At the same time, AI has gotten really good at making audio sound like someone else — a bit like magic. Models like coqui/XTTS-v2 can clone a voice with just six seconds of recording, turning anyone into a vocal chameleon faster than you can say “audio doppelgänger”. Although it caters to various use cases such as developing effective voice assistants or localization of content generated in multiple languages, it is also a bit scary because it could also fall into the category of audio deepfakes, messing with what’s real and what’s not.

So what could we talk about in this story?

In a nutshell, we want to assess the robustness of state-of-the-art voice recognition models and figure out if voice recognition can spot the difference between real and cloned voices.

Let’s dive in.

Voice recognition with TitaNet-L

There are plenty of open-source models capable of extracting embeddings from a voice. However, we opted for the TitaNet large model from NVIDIA because it’s not only small and fast but also performs very well.

In this section, we will delve into implementing and assessing voice recognition across multiple languages using TitaNet-L.

The Model

TitaNet-L (large) is a state-of-the-art neural network architecture specifically designed for voice recognition tasks.

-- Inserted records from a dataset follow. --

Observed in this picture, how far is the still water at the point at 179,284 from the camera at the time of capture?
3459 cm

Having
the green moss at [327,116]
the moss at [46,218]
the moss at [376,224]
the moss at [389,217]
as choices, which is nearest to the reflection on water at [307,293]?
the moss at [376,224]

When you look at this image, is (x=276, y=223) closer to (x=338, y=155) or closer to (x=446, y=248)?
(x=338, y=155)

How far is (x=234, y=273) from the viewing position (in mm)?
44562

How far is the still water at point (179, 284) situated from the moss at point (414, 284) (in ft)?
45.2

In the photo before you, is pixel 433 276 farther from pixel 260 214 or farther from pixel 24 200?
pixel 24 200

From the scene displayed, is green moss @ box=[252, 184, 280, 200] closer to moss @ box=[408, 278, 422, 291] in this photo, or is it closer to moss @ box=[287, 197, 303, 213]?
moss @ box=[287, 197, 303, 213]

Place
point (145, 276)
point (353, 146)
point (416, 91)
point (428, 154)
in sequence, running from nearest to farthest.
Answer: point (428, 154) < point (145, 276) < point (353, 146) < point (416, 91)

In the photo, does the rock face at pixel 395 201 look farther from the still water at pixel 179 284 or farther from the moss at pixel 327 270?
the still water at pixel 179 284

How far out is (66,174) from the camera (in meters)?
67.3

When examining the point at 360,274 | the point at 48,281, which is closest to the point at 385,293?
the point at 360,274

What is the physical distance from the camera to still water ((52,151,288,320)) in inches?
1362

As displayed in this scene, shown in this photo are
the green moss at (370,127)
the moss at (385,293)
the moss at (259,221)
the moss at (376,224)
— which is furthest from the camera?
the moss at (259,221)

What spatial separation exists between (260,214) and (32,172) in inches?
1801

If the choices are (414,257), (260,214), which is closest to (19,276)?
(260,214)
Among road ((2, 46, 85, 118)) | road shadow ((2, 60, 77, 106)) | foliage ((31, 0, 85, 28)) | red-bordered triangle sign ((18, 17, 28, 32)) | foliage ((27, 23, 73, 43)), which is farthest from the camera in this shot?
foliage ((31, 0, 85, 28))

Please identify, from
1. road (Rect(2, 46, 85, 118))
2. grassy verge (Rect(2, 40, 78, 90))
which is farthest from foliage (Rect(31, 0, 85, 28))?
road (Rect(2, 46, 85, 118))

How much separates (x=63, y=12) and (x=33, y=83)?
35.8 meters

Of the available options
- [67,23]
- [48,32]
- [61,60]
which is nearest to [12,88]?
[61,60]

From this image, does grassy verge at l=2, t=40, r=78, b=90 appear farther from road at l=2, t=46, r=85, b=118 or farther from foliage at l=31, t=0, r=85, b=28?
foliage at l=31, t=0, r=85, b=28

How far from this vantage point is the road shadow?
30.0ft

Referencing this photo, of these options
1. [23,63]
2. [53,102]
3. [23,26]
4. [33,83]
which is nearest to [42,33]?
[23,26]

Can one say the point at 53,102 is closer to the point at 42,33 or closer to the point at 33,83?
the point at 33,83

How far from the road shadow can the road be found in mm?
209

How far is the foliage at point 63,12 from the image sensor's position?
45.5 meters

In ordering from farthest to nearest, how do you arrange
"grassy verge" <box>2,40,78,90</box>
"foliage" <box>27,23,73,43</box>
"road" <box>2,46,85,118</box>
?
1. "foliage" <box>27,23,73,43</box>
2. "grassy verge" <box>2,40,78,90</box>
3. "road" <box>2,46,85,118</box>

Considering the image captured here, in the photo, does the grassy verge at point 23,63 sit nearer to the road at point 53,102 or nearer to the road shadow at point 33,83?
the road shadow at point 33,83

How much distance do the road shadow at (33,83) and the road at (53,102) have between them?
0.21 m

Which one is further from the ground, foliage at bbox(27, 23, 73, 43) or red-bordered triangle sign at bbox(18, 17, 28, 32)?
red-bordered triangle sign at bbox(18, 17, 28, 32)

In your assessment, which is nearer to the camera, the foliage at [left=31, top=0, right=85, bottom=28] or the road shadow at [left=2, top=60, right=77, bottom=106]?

Developed by NVIDIA as part of their NeMo (NVIDIA Neural Modules) toolkit, TitaNet-L stands out for its remarkable efficiency and accuracy in processing voice data.

This model is trained on vast amounts of speech data, enabling it to extract intricate features from voice inputs across various languages and accents. Its large size allows for comprehensive coverage of acoustic features, ensuring robust performance even in challenging audio environments.

TitaNet’s architecture. Source: https://docs.nvidia.com/nemo-framework/user-guide/latest/nemotoolkit/asr/speaker_recognition/models.html

One of the main advantages of TitaNet-L is its small footprint making it suitable for deployment on resource-constrained devices, opening up possibilities for real-time voice recognition applications. Moreover, the model is released with an Apache 2.0 license, granting users the freedom to modify, distribute, and sub-license the model as per their requirements.

To learn more about TitaNet-L and its specifications, you can visit the official page on the NVIDIA’s website catalog here.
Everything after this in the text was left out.